だが居酒屋の喧騒に押されたのか、それともそれも酒の勢いか。誰かがへらへらと笑いながらコップになみなみと注がれた水を彼に向けて差し出した。
すると……。
「やめてくれ!」
彼は大きな声でそう叫び、腕を振ってそのコップを叩き落とした。
「あ……」
また私たちの席に静寂が戻る。彼は恥じるように顔を伏せ、もう帰ると言って札入れから何枚かお札を取り出して自分の席に置いてそそくさと逃げるように立ち去ってしまった。
残された者たちはみな一様にポカンとしていたが、やがて彼のあの態度や話を肴にして場がまた盛り上がり始める。だが私はその話に参加する気にはなれなかった。
見てしまったのだ。彼がコップを叩き落とし、そして中の水が飛び出したその瞬間。
私と彼の間を薄い膜のように水が遮ったその瞬間。
彼の背中に、まるでおんぶをされるかのように、おかっぱ頭の女の子がべったりと張り付いているのを。
『遊ぼうよ、ねえ、遊ぼう。遊ぼう、遊ぼう、遊ぼう……』
そんな声が、聞こえたような気がした。
その後ほどなくして彼は会社を辞めてしまった。それ以来、どこでなにをしているのかはまるで分からない。
先ほどまで静かだった雨が、気が付けばざあざあと屋根を叩いている。
物思いから覚めた私は耳障りなその音を追い出そうとテレビを付けた。そろそろ晩御飯の準備をしなければ。

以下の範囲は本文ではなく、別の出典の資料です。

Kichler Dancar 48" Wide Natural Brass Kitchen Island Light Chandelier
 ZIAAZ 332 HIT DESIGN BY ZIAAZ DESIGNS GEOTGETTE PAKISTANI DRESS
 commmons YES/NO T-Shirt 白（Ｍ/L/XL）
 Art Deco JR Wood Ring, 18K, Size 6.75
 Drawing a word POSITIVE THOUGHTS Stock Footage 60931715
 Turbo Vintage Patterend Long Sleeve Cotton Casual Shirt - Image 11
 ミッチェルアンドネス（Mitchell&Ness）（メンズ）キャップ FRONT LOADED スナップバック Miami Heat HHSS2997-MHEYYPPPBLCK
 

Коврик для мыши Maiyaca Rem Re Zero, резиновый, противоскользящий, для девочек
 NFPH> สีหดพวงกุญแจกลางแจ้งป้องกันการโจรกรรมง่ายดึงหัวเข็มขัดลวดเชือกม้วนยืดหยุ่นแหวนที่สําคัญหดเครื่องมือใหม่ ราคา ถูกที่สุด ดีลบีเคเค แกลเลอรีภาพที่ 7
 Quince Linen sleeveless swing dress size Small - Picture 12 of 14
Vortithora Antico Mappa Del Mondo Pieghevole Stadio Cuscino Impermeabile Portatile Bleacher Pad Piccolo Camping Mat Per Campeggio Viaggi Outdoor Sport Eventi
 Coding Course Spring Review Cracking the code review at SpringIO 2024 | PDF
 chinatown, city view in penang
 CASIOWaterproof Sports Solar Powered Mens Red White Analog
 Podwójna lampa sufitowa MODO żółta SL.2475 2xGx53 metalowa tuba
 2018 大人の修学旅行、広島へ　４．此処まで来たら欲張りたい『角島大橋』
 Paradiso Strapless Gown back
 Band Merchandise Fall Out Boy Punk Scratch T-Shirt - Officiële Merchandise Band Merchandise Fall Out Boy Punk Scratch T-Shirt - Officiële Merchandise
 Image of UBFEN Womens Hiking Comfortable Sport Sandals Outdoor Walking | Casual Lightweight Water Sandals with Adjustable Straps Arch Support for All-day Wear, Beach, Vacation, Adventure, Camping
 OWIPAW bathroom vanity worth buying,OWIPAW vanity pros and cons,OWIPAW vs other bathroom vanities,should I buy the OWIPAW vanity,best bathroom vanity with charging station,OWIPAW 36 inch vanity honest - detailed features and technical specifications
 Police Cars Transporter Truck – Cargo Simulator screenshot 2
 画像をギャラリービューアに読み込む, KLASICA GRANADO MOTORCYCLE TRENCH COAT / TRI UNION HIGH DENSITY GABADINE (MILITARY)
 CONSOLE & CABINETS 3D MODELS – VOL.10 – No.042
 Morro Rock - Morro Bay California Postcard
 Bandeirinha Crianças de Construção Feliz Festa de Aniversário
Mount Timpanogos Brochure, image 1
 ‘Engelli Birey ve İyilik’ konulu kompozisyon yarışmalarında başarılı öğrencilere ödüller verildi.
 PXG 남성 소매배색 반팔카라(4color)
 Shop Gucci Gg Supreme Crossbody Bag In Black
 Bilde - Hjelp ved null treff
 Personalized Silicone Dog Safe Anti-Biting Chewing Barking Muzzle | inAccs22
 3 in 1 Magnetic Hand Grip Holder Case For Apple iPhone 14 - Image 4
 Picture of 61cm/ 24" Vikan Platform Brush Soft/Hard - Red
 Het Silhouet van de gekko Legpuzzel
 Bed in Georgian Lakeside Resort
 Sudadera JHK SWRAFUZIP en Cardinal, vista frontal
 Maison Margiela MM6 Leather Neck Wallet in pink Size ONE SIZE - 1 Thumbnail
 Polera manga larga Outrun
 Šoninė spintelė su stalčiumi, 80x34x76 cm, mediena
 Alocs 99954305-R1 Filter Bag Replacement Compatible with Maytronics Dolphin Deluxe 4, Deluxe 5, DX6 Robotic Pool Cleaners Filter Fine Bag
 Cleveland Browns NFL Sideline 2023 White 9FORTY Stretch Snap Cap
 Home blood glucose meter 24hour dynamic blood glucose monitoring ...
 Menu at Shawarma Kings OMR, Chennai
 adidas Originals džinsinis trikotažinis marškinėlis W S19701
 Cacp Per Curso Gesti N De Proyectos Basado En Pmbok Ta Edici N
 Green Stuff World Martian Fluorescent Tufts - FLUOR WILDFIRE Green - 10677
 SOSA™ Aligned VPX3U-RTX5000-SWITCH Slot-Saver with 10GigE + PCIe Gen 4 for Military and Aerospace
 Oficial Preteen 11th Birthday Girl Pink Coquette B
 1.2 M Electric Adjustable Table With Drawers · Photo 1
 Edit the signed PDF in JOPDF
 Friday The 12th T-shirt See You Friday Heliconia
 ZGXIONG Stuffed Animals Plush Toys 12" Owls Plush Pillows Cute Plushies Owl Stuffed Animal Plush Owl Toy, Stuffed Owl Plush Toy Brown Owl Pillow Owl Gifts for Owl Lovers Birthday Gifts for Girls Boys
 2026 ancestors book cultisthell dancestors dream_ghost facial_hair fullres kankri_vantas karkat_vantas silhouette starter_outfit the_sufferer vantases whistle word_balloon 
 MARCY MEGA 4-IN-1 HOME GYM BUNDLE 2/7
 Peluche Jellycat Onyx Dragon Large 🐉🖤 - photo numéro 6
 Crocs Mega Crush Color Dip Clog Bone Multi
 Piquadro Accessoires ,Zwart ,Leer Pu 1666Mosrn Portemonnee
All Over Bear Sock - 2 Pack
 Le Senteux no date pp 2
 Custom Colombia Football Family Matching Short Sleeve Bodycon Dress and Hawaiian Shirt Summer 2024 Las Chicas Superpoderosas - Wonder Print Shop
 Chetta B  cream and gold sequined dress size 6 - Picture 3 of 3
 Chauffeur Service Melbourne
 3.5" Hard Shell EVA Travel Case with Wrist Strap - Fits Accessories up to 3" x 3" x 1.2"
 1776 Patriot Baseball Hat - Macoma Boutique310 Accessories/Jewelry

『……の自宅内で、一人暮らしをしていた会社員の男性が不審死しているのが発見されました……』
ちらりと目を向けたテレビの画面に映った、先ほどまで思い出していた彼の顔を見て私は思わず動きを止める。
不審死? 自宅で?
いったいなぜ?
そんな疑問に答えるようにニュースキャスターは言葉を続ける。
『詳しい死因はまだ分かっていませんが、男性は極度の脱水状態であったらしいとの情報も……』
テレビの画面からこぼれる明かりだけが部屋を照らす中で私は考える。
脱水状態。彼は水を避けたのだろう。水だけではない。あらゆる液体を。
避けて、避けて、避けて……。
そしてきっと彼は「彼女」から逃げることができたのだろう。
『ああ、私のだったのに。なんで、なんで。あんなに遊んだのに』
川のせせらぎのような声が、雨音に混ざり遠くから聞こえたような気がした。